On the surface, ABC’s hit '90s sitcom Home Improvement is wholesome family entertainment. The show follows the tool-obsessed Tim Taylor (Tim Allen), who instructs the viewers of his TV show, Tool Time, how to fix things around their houses - even though he continuously destroys his own home with a series of overpowered gadgets while his wife and sons look on. Peer a little deeper, though, and the disturbing hidden meanings of the show become clear.
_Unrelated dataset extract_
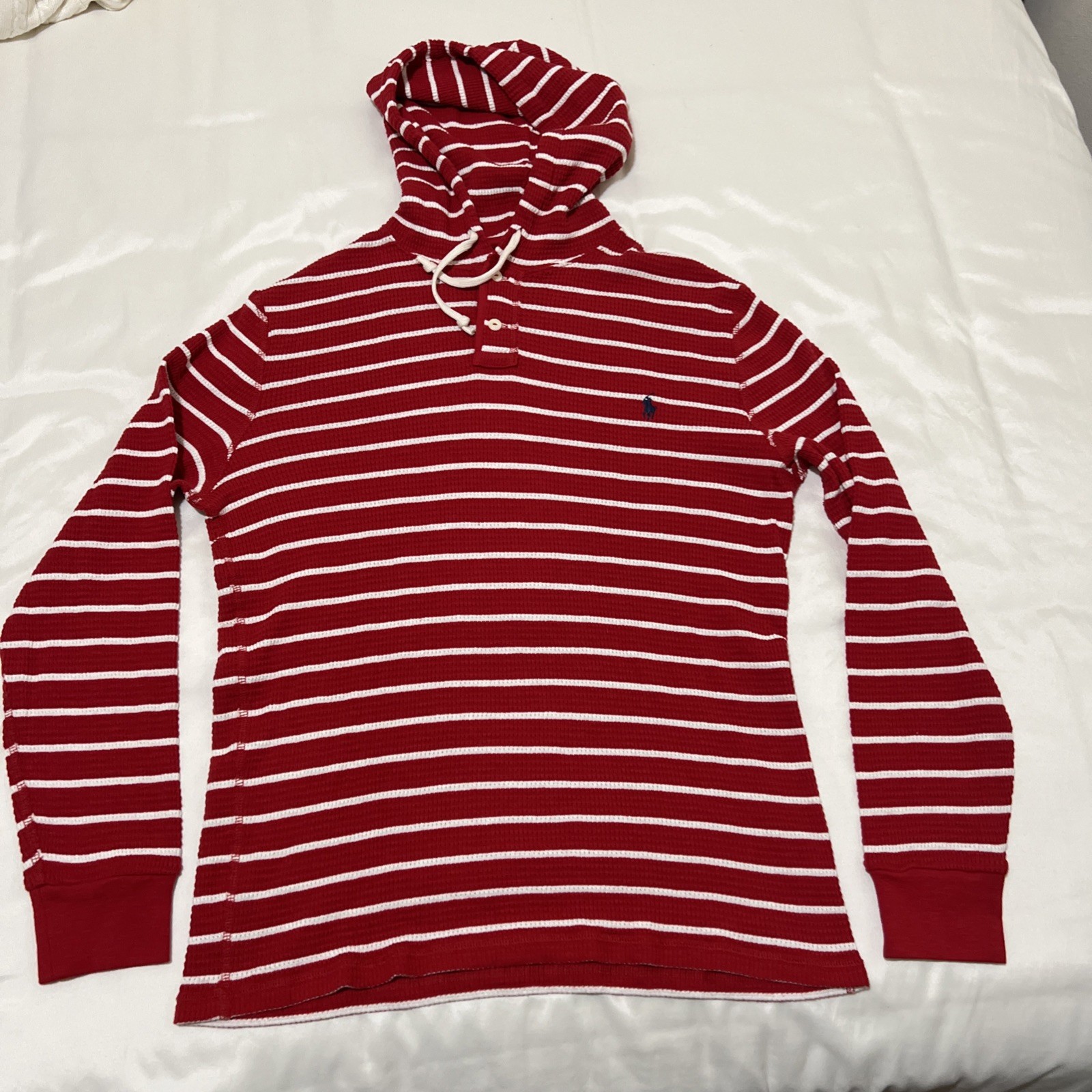 Polo Ralph Lauren felpa con cappuccio uomo grande rossa a righe waffle felpa pullover pony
The Home Improvement cast wouldn't admit this, but it's obvious throughout the show that Tim Taylor has lost his damn mind. If you spent the '90s watching Tim Taylor try to keep his family from falling apart, then you no doubt realize that Home Improvement is an existential hellscape. Home Improvement isn’t the only piece of popular entertainment with a potential dark side, but it is one of the few that seems to wear its contempt for its characters on its sleeve.
The horrifying things about Home Improvement not only stem from Tim’s apparent hatred for his family and paranoia about his wife’s desire to find a life outside the home, but also from the possibility that the events of the plot were all imagined as part of Tim's mental collapse. Out of all the sitcoms stricken with ennui, Home Improvement may be the most existentially frayed, and its self-destructive nature is well worth exploring.
All of the signs of Al's homelessness were obvious from the onset: he always wore the same shirt, grew out his beard for warmth, and jumped at the chance to enter a relationship with someone, no matter how demeaning she was towards him, all so he could sleep in a warm bed before returning to the warm lights of the television studio.
If only Tim and Jill had paid attention to their friend's plight.
Tim and Jill seem to dislike each other, and it's possible that disdain curdled into full-blown hatred at some point. Tim's frustrations boil over in every episode; one time, he even destroys a piece of their furniture to work out his personal demons - a textbook sign of something worse happening in the home.
And the series doesn't shy away from showing Tim and Jill arguing over his lack of desire to go to the opera or complete their will.
Tim Taylor always seems destined for a gruesome death caused by one of his crazy contraptions. His character is presented as being accident prone, but people aren't made the host of long-running, popular home improvement programs if they're that clumsy. It seems clear that Tim has some sort of death wish.
What better way for the tool man to pass beyond this mortal coil than being destroyed by one of his own machines?
Even if you've only seen a handful of episodes of Home Improvement, you're aware of the disgust that Tim Taylor feels towards his family. All he wants to do is work on his hot rod and be applauded on his show. But day in and day out, he's forced to pretend to care about the issues his family faces.
Jill, his wife, constantly asserts her independence: first, she leaves the house to continue her education, then she begins to work for a magazine, which puts her in direct competition with Tim's identity as the media personality in the home. And out of his three children, none of them have ever shown interest in their father's world. Even Brad, the sporty son, fails to show any enthusiasm for tools.
Maybe their lack of interest in fawning over Tim drives him to his attempts to control every appliance and machine around him.
In the Season 6 episode "The Karate Kid Returns," it's revealed that Wilson (whose full name is Wilson W. Wilson Jr.) is related to the Wilsons from The Beach Boys. The Wilson family was notoriously contentious, and their constant in-fighting drove songwriter Brian Wilson to become a recluse living in a recording studio/sandbox.
Could the same thing have happened to Home Improvement's Wilson? Was his home a wasteland of unused recordings about his love of the 405 highway and the endless summer? Was he driven to the freezing plains of Michigan out of the betrayal he felt every time he set eyes on the sunny beaches of Southern California?
Tim's Fear Of Death Is Tied To His Unfinished Hot Rod
Tim's garage is a place of constant construction. His hot rod sits uncompleted for much of the series, either due to his inability to finish anything important that he starts or because he feels his hot rod is his final project. What does a man have left to do once he proves his worth as the host of a regional home improvement show and has three children?
Tim has tasted success and ensured his legacy, so all that's left is his hot rod and the great beyond.